Engineering callables in ECGProcess
ecgprocess.utils.engineering_tools provides ready-made callable objects and functions that can be passed directly to ECGTable via the engineer_meta, engineer_wave, and engineer_median parameters. Each callable receives the relevant data structure (a metadata dict or a signals dict) as its first positional argument, and the waveform/median callables also receive the current file’s metadata through a meta_dict keyword argument.
The implemented and showcased callables are non-exhaustive and the user is encouraged to generate (and contribute) their own functionality relevant for their own problems.
[1]:
import numpy as np
from ecgprocess.utils.engineering_tools import (
metadata_checkversion,
signal_correction,
signal_standardise_res,
LeadMapper,
)
from ecgprocess.example_data.examples import (
parsed_config,
list_dicom_paths,
)
from ecgprocess.process_dicom import ECGDICOMReader
from ecgprocess.tabular import ECGTable
from ecgprocess.errors import FileValidationError
# #### Relevant paths
dicom_paths = [
list_dicom_paths()['example_dicom_1'],
list_dicom_paths()['example_dicom_2'],
]
# #### Parsed config
parser_dicom = parsed_config()['parsed_dicom1']

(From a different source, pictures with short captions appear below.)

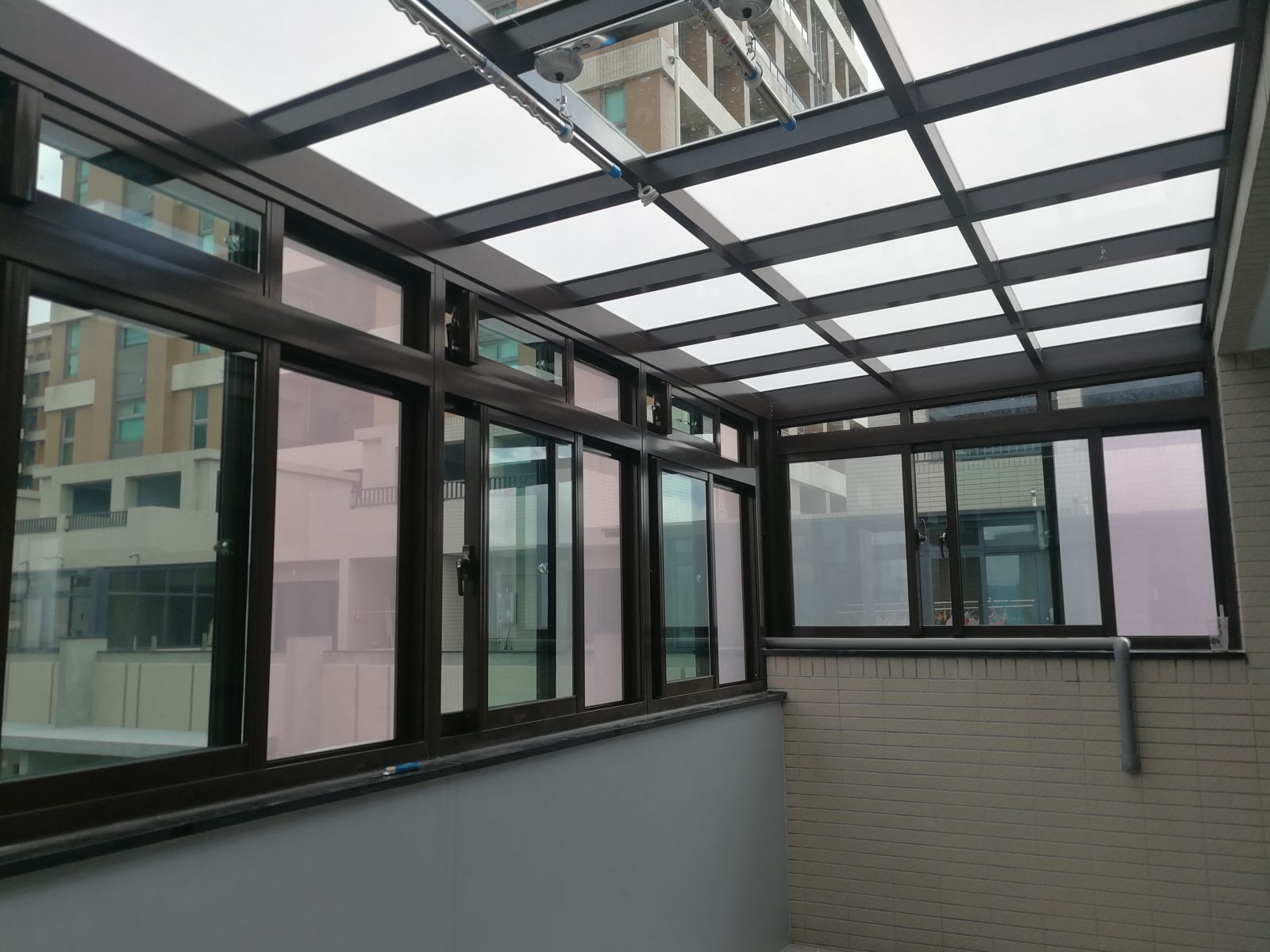右側採用高級氣密窗5mm綠色強化玻璃(景觀式三拉窗)將陽台內左右兩側透氣管網外接出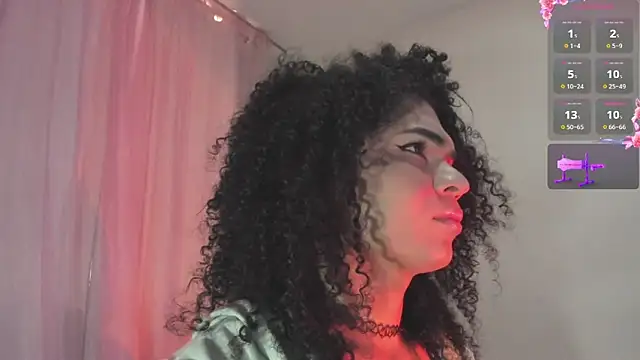 Snapshot of V-nus chatting on 03-03-26, 09:00 V-nus online show from 03-03-26, 09:00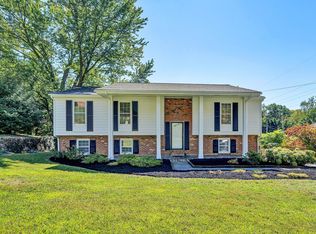 3250 Woodview Rd, Roanoke, VA 24018
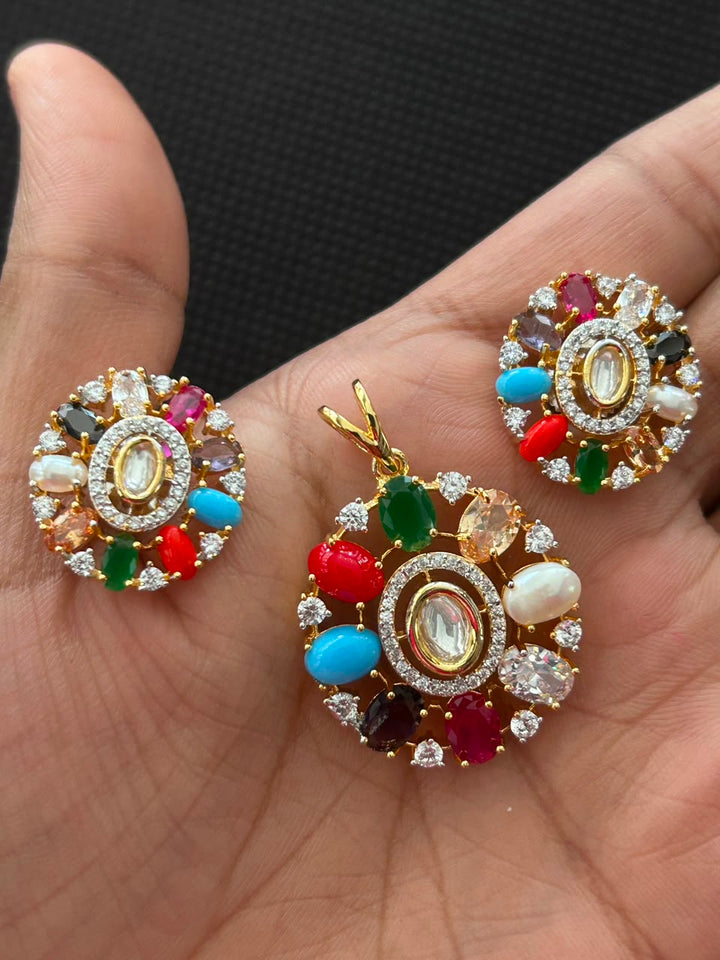 Navratna Royale Halo Pendant Set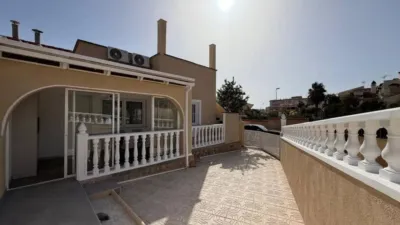 Pis – Torrevieja, Cabo Cervera-Playa la Mata - Més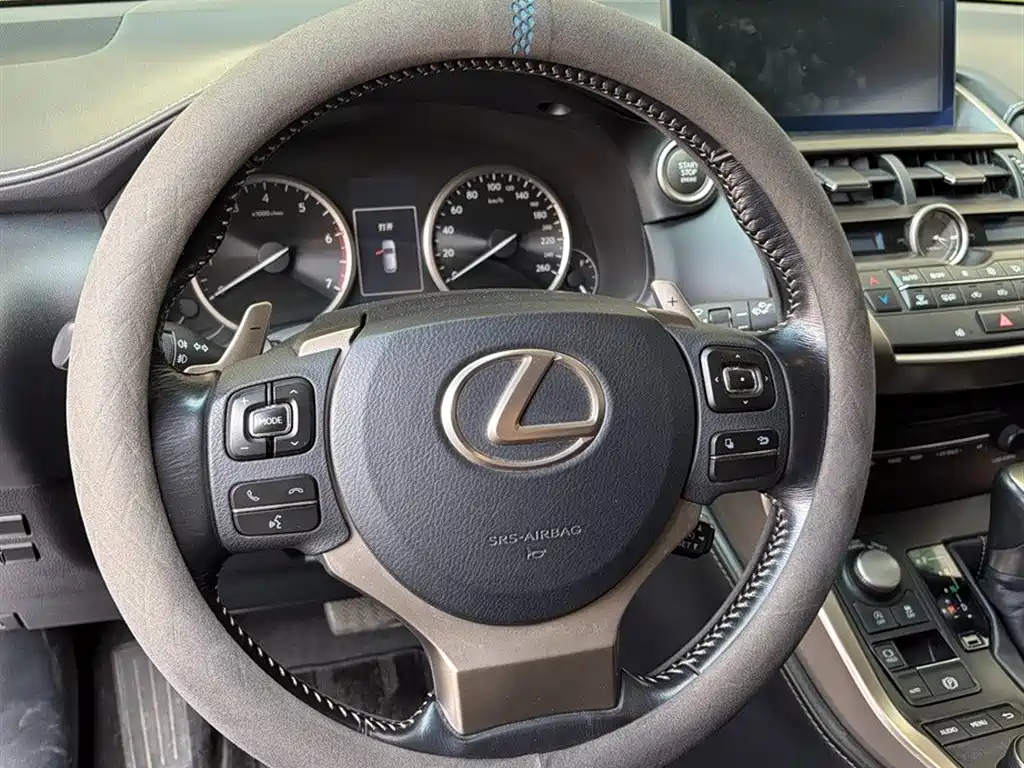 Lexus NX 2017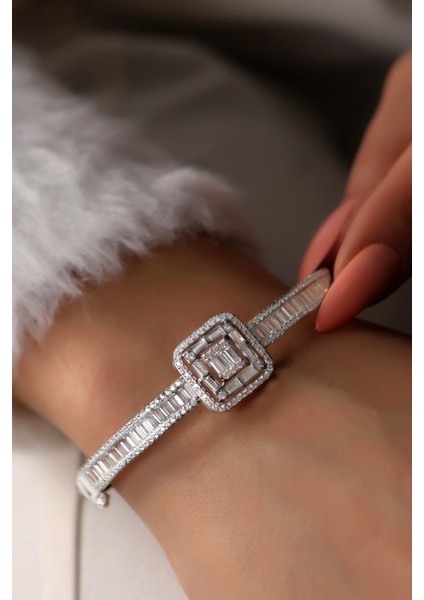 Euro Star 925 Ayar 4 Köşeli Bagetin Büyüsü Gümüş Kelepçe Bileklik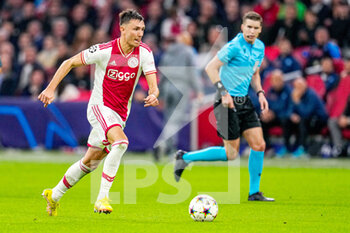 2022-10-04 - Steven Berghuis of Ajax during the UEFA Champions League, Group A football match between Ajax and Napoli on October 4, 2022 at Johan Cruijff ArenA in Amsterdam, Netherlands - FOOTBALL - CHAMPIONS LEAGUE - AJAX V NAPOLI - UEFA CHAMPIONS LEAGUE - SOCCER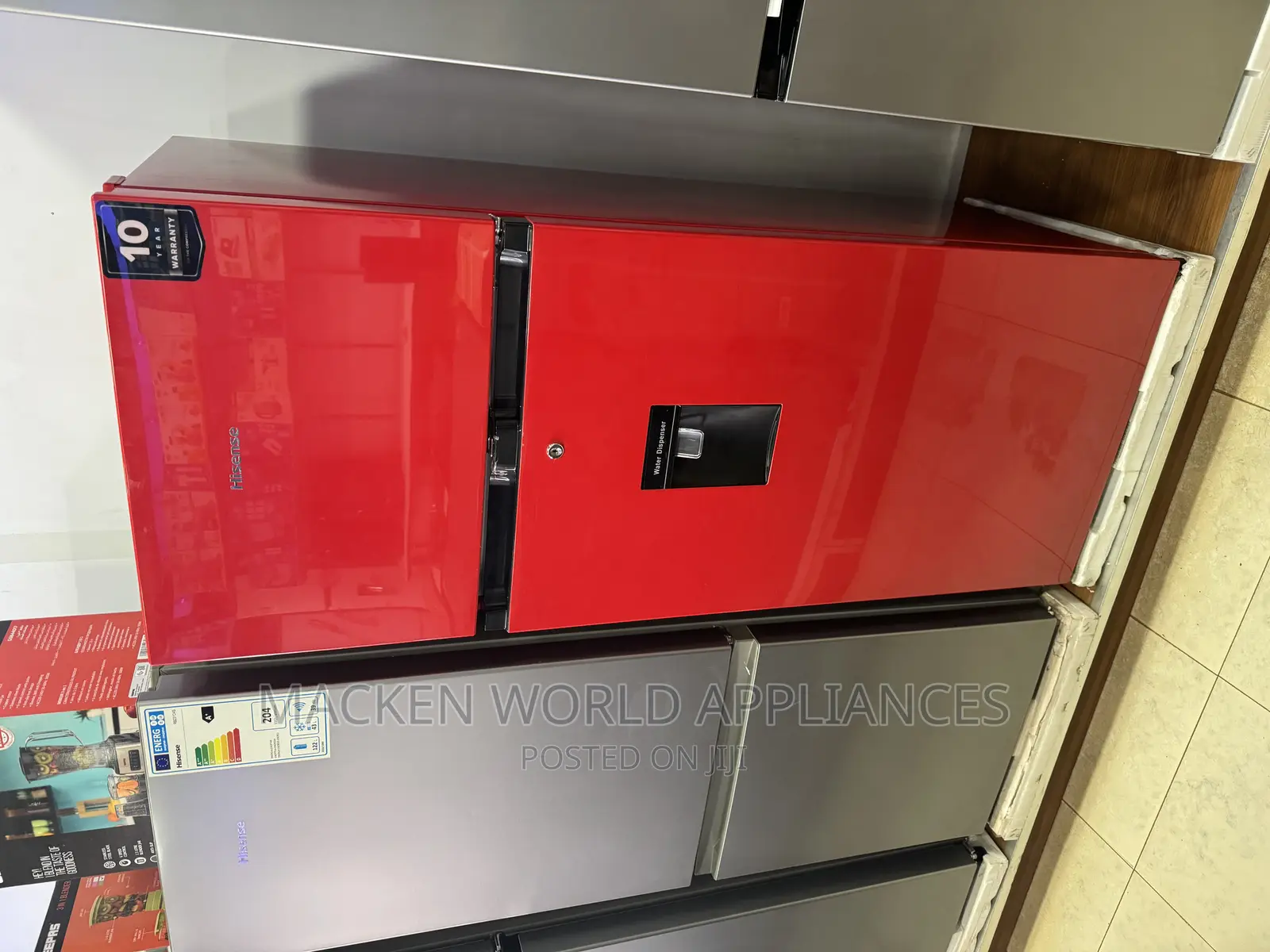270 Liters Hisense Double Door With Water Dispenser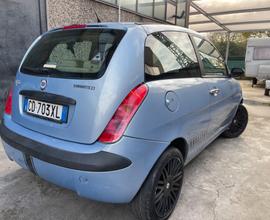 Lancia Ypsilon 1.2 16V neopatentati cerchi 16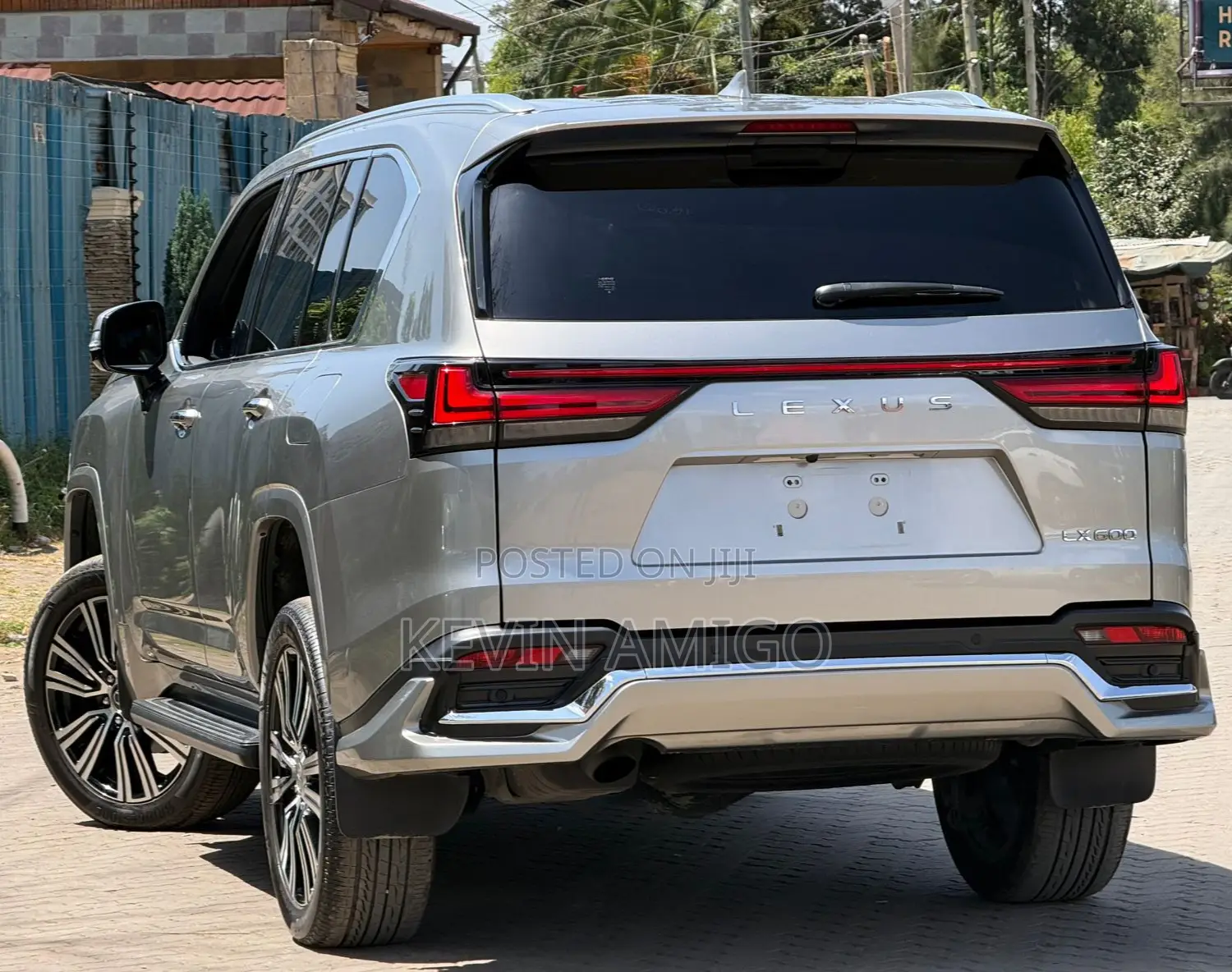 Lexus LX 600 2022 Gold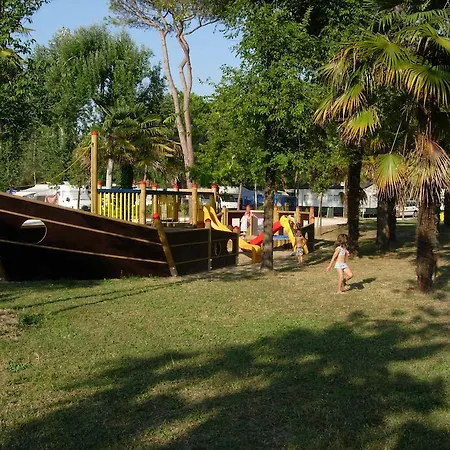 Kamp alanı Happy Camp Mobile Homes In Laguna Village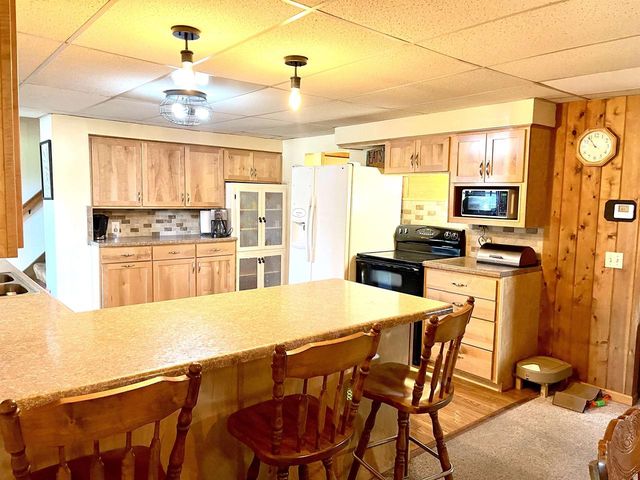 N422 DONS DRIVE, Appleton, WI 54915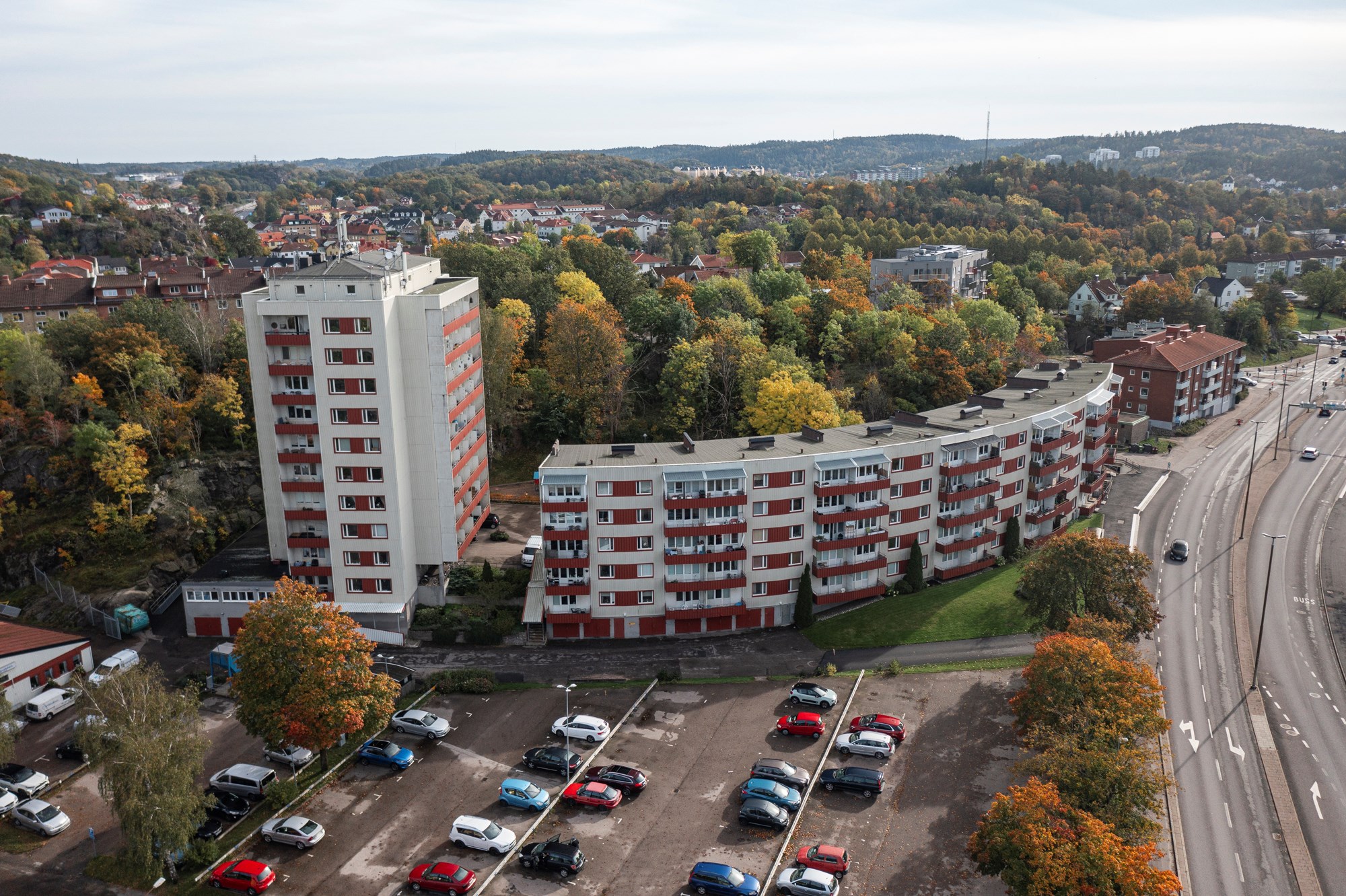 Drönarbild med vy över fastigheterna på Bävedalsvägen och Fjällvägen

WARNING: All log messages before absl::InitializeLog() is called are written to STDERR
I0000 00:00:1776375908.676272 12670 port.cc:153] oneDNN custom operations are on. You may see slightly different numerical results due to floating-point round-off errors from different computation orders. To turn them off, set the environment variable `TF_ENABLE_ONEDNN_OPTS=0`.
metadata_checkversion
metadata_checkversion validates three fields in the metadata dict — software version, manufacturer, and model name — against expected values supplied at call time. When validation passes the original dict is returned unchanged; a FileValidationError is raised on any mismatch.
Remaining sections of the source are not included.